Input material:
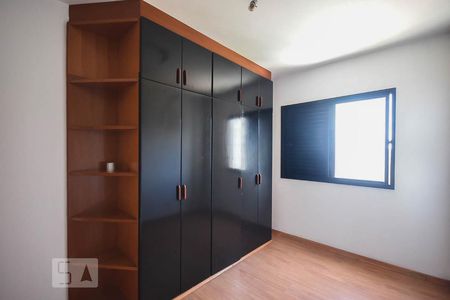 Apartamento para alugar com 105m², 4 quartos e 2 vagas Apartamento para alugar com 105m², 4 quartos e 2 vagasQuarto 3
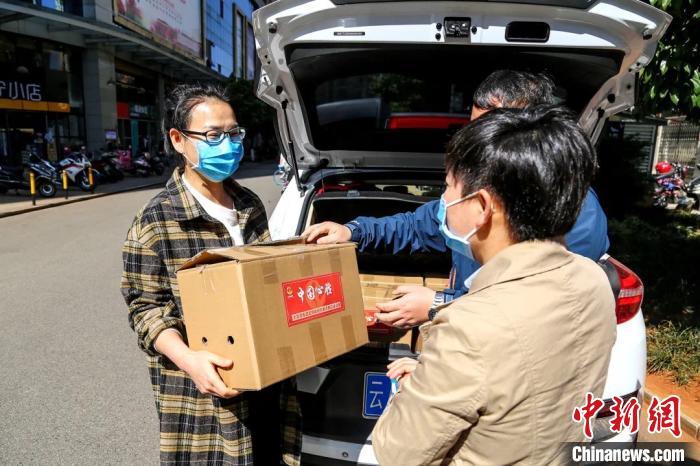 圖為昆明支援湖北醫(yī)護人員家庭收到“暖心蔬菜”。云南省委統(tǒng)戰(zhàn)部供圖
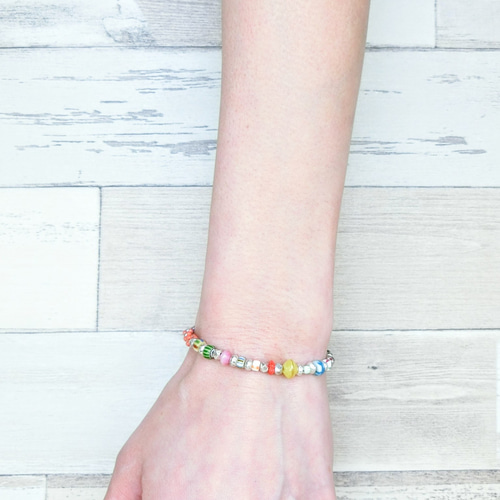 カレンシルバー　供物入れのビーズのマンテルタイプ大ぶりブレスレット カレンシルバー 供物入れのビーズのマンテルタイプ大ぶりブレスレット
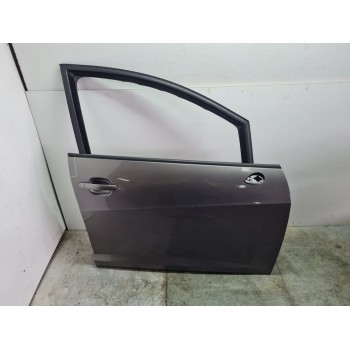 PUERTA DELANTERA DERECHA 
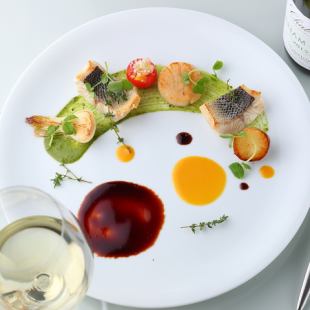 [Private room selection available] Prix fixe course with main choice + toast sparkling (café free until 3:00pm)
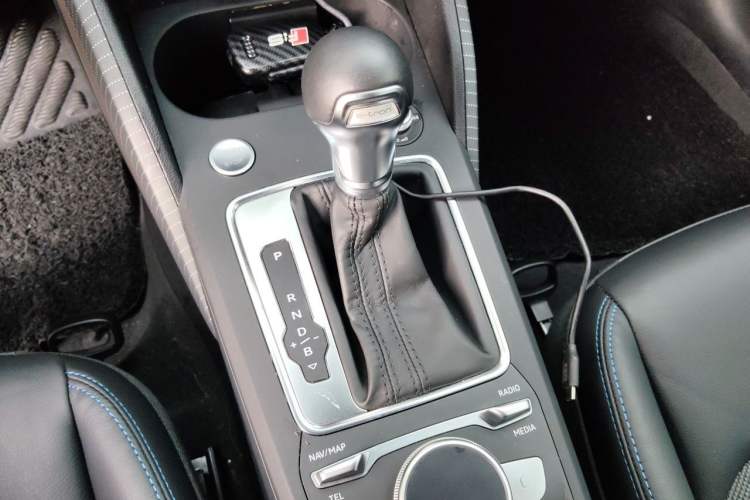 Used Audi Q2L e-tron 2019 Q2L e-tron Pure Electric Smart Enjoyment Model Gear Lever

Problem statement: Please reproduce exactly, and nothing more, the lines from the one containing "圖為昆明支援湖北醫(yī)護" through the last line of the entries, both included; pictures stay out.

Result of the exercise:
 圖為昆明支援湖北醫(yī)護人員家庭收到“暖心蔬菜”。云南省委統(tǒng)戰(zhàn)部供圖
 カレンシルバー　供物入れのビーズのマンテルタイプ大ぶりブレスレット カレンシルバー 供物入れのビーズのマンテルタイプ大ぶりブレスレット
 PUERTA DELANTERA DERECHA 
 [Private room selection available] Prix fixe course with main choice + toast sparkling (café free until 3:00pm)
 Used Audi Q2L e-tron 2019 Q2L e-tron Pure Electric Smart Enjoyment Model Gear Lever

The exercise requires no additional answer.